» **Material provided**:
---

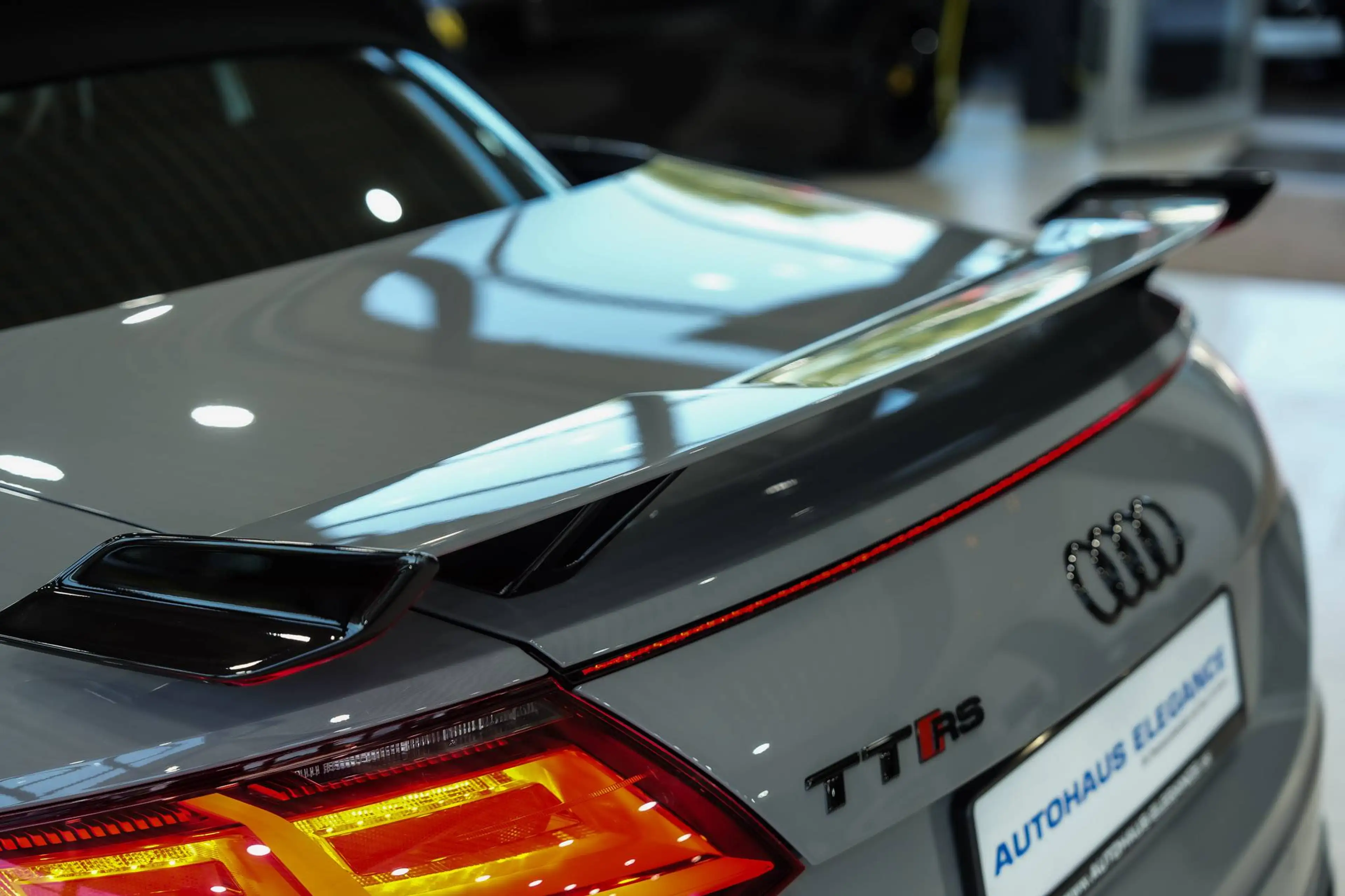 Audi TT RS 2.5 TFSI quattro*NARDO-GRAU*CARBON-INT*B&O — photo 10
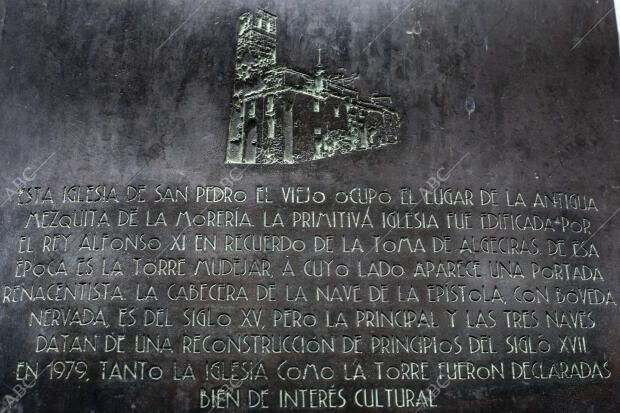 Placa en la iglesia de san Pedro el Viejo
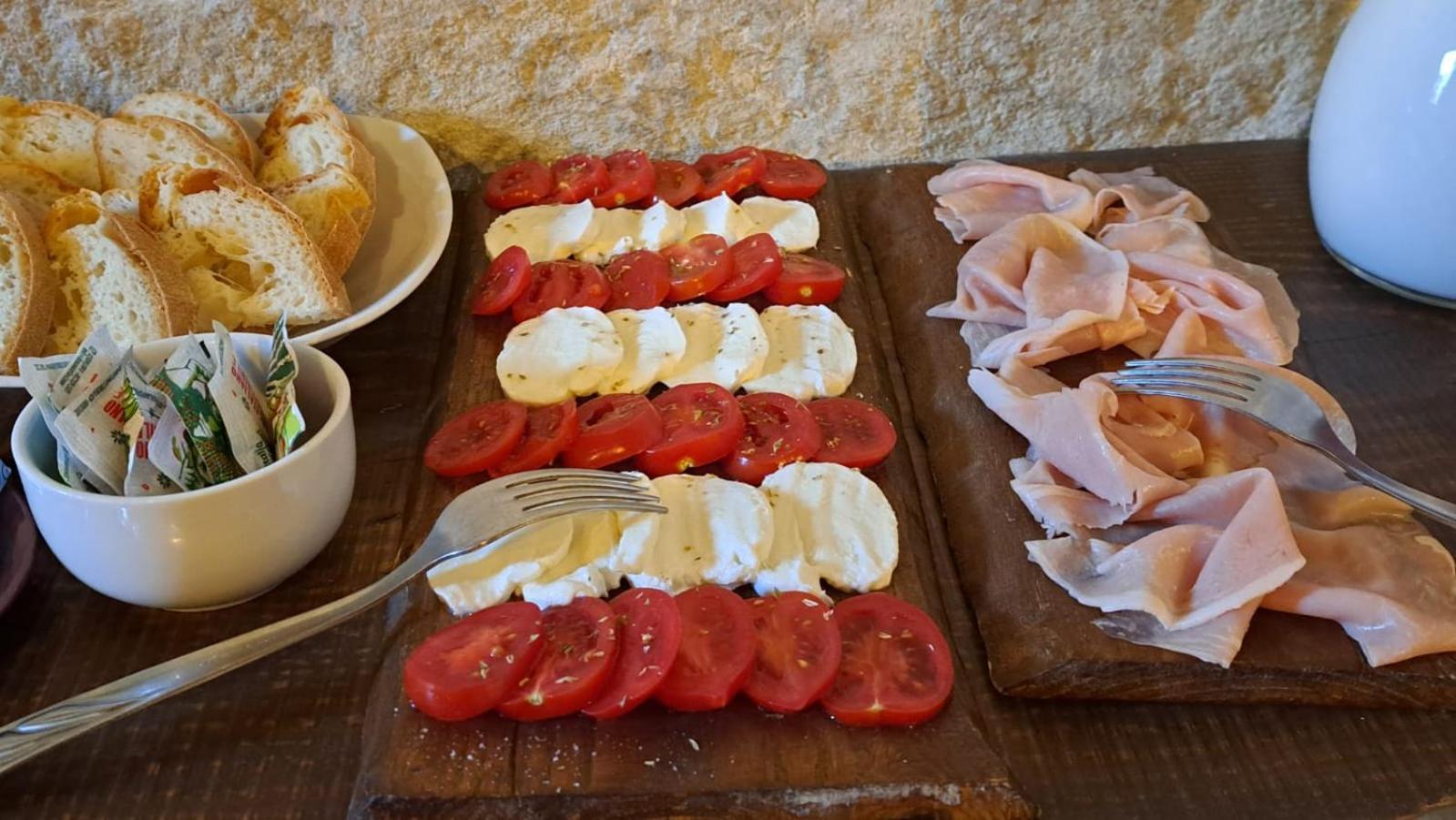 B&B Le Vie Del Borgo Castiglione De Sicilia Dış mekan fotoğraf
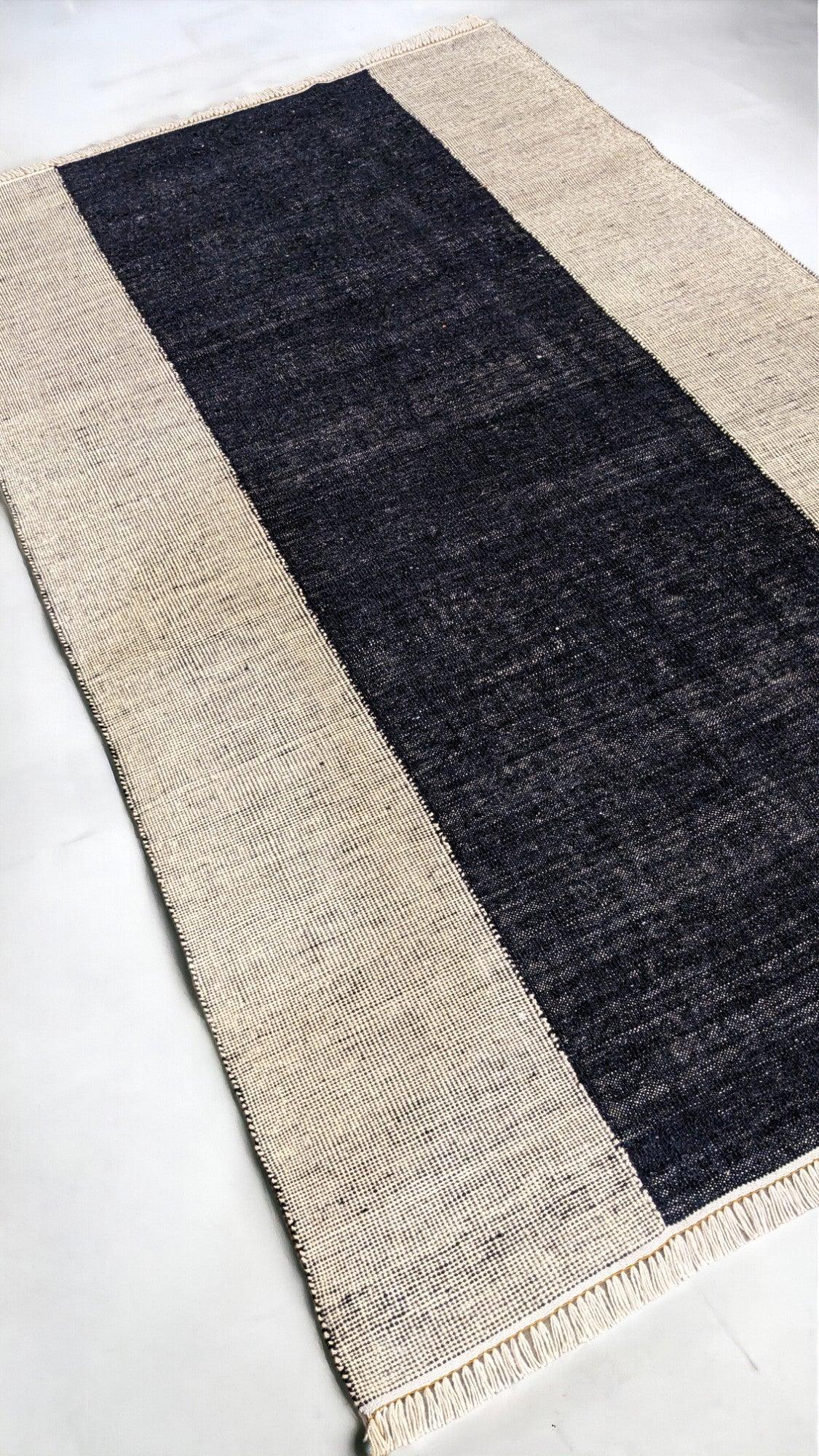 Eidos Flatweave Rug - 250 x 153 cm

---

» **Assignment**: Output the whole listing exactly. Pictures stay out.

» **Result for this exercise**:
 Audi TT RS 2.5 TFSI quattro*NARDO-GRAU*CARBON-INT*B&O — photo 10
 Placa en la iglesia de san Pedro el Viejo
 B&B Le Vie Del Borgo Castiglione De Sicilia Dış mekan fotoğraf
 Eidos Flatweave Rug - 250 x 153 cm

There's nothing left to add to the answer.